As M People celebrate their phenomenal 90s run with a career-spanning boxset, Classic Pop sits down with Mike Pickering and Paul Heard – the creative core behind the big voice – tracking their journey from Manchester’s clubs to the top of the charts

In the early 90s, a band exploded out of Manchester with attitude, anthems and a voice that defined a generation. Building on the city’s rich musical heritage, from the Buzzcocks to the Roses, they would reign over the decade, notching up a string of hits that were screamed back at them at arenas, stadiums and even a Glastonbury headline slot. If the act that first springs to mind begins with an ‘O’, think again. M People’s résumé includes 11 million sales, two BRITs and the Mercury Prize. A permanent fixture in the UK charts throughout the 90s, they even topped the US Billboard Dance Chart.

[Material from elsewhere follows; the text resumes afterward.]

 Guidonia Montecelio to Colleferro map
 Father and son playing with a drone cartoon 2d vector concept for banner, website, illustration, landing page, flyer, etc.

Looking back isn’t something that comes particularly naturally to founder Mike Pickering, but then he hasn’t really had the chance. M People is but one chapter in a colourful career that spans from Haçienda DJ and Factory Records’ Latin-house outfit Quando Quango, to prodigious A&R man, whose many signings include the Happy Mondays, Kasabian and Calvin Harris. Pickering’s career has been forged on pressing onwards, forever chasing the next buzz. He wasn’t just around at the birth of the UK clubbing scene; he was the midwife. Becoming a heritage act that emerges every three years for another a victory lap doesn’t appeal. He was notably absent at M People’s triumphant reunion shows in 2012 and 2013.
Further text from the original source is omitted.